1. If Parker Pearson and his colleagues are to be believed, the rounding and abrasion which we see on the standing bluestones today are the result of "weathering" in the time that has elapsed between stone extraction and the present day. That involves a fundamental misunderstanding of the word "weathering", but we'll let that pass for now. More to the point, all of the excavations which have revealed fallen and buried bluestones suggest that they are just as abraded, rounded and weathered below ground as above ground, with some rougher surfaces on facets such as we see on glacial erratics close to current glacier fronts. That means that (with the exception of a few worked stones) their shapes were already established prior to erection in the stone settings. That means they were not installed as fresh quarried blocks, but gathered up as weathered and abraded boulders from the landscape as suggested by HH Thomas, Kellaway, Thorpe et al, and Field. The MPP claim that the bluestones were pre-used in lost stone circles does nothing to support the quarrying hypothesis.
The "proto-orthostst" at Craig Rhosyfelin. The sediments that have accumulated around and above the slab since the Early Bronze Age are clearly displayed.

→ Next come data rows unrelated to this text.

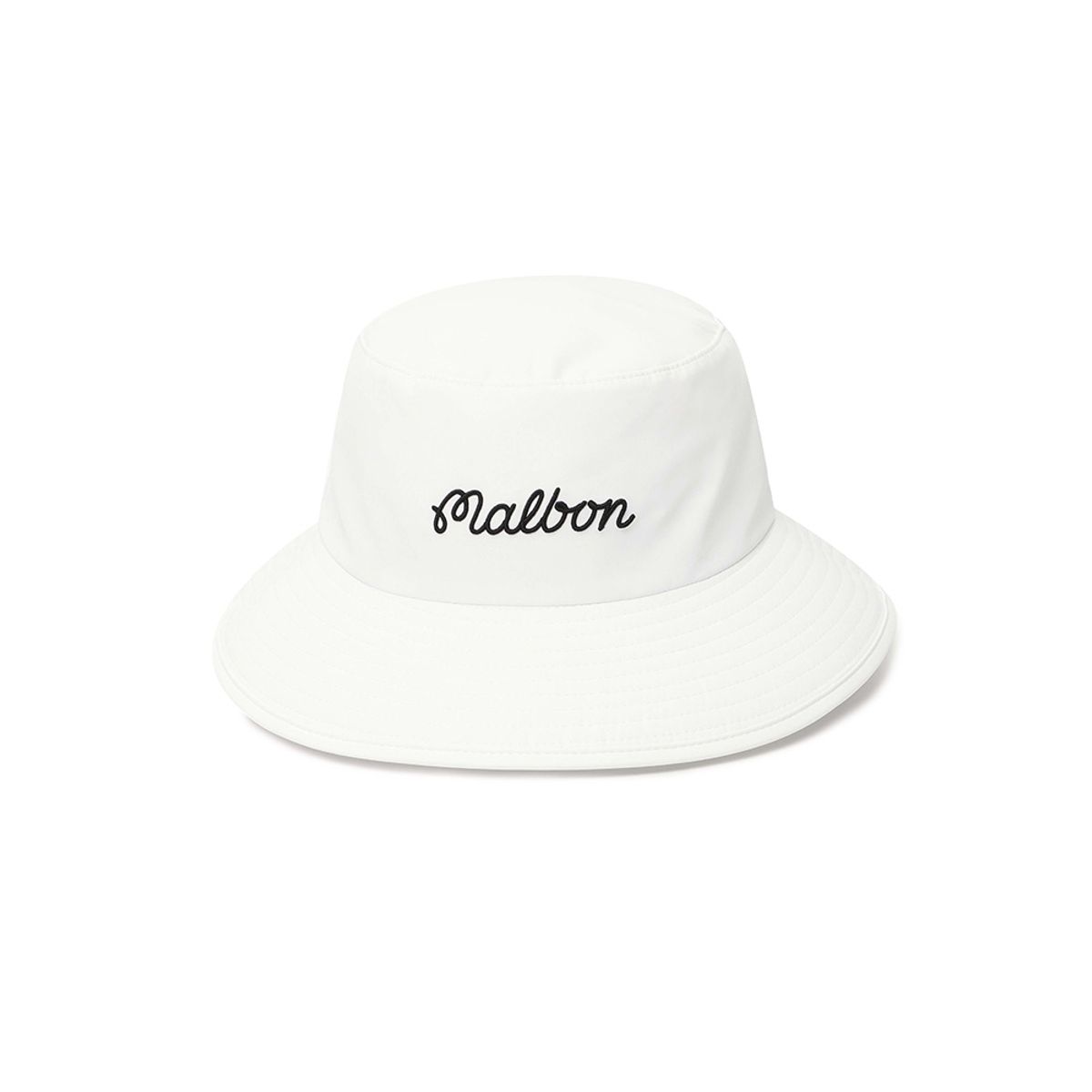 말본 골프(MALBON GOLF) 언발란스 브림 경량 버킷햇 OFF WHITE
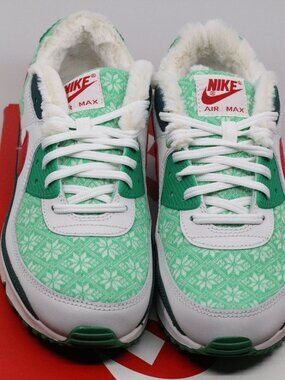 2020 Nike Air Max 90 "Nordic Christmas" – Men’s 9 / Women’s 10.5 – New in Box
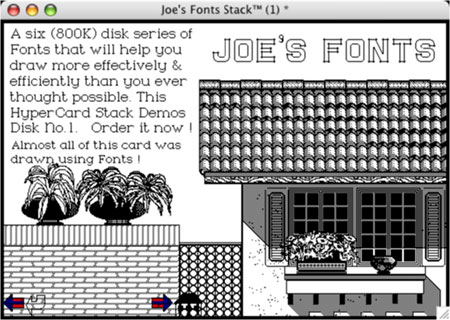 Home Stack The Hypercard Center - Dark Art Collection - Full HD Quality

2. The famous 8-tonne proto-othostat found at Rhosyfelin and flagged up as "intended for Stonehenge" was discoverd through radiocarbon dating to have been emplaced during or later than the Bronze Age. Some charcoal found beneath it was radiocarbon dated to the Early Bronze Age. So it cannot possibly have had anything to do with Neolithic quarrying at the site. But because it is a rockfall slab which has crashed down from the higher part of the rock outcrop, and because it has been there for more than 3,000 years, its condition is of considerable importance. I have analysed it in detail:
https://brian-mountainman.blogspot.com/2015/05/the-famous-rhosyfelin-proto-orthostat.html
It is very fresh in its appearance, with very little rounding off of sharp edges or other weathering traces in spite of exposure to the atmosphere and to other processes during and after burial by slope deposits. This reinforces the view that the Stonehenge bluestones carry surface features that are not just 5,000 years old but are the result of tens or hundreds of thousands of years of exposure.
Rock surfaces on the Pentre Ifan cromlech. It is now suggested that the pillars and capstone were not buried for any great length of time. After thousands of years of exposure to weathering, the smoothed and abraded faces, and those damaged by fracturing, are remarkably fresh.
3. It is instructive to examine the surfaces of the capstones and supporting pillars of Pembrokeshire cromlechs like Pentre Ifan, Carreg Samson and Carreg Coetan Arthur. The stones used by the builders were all large erratics of rather local origin and collected in the neighbourhood. The stones are weathered but in places seriously damaged by fracture scars -- in other words, the features attributable to glacial processes and periglacial modification (frost damage) are beautifully preserved. These cromlechs are approximatelt the same age (or maybe somewhat older) as the bluestone stone settings at Stonehenge. Over 5,500 years or so of exposure, there has been weathering, but there is no sign at all of weathering on the scale which Bevins et al (2025) require for the creation of the facets and smoothed surfaces of the Newall Boulder.
To sum up, the bluestone quarrying hypothesis is not worth the paper it is written on, and neither is the contention that smoothed rock surfaces are the result of post-Neolithic weathering processes.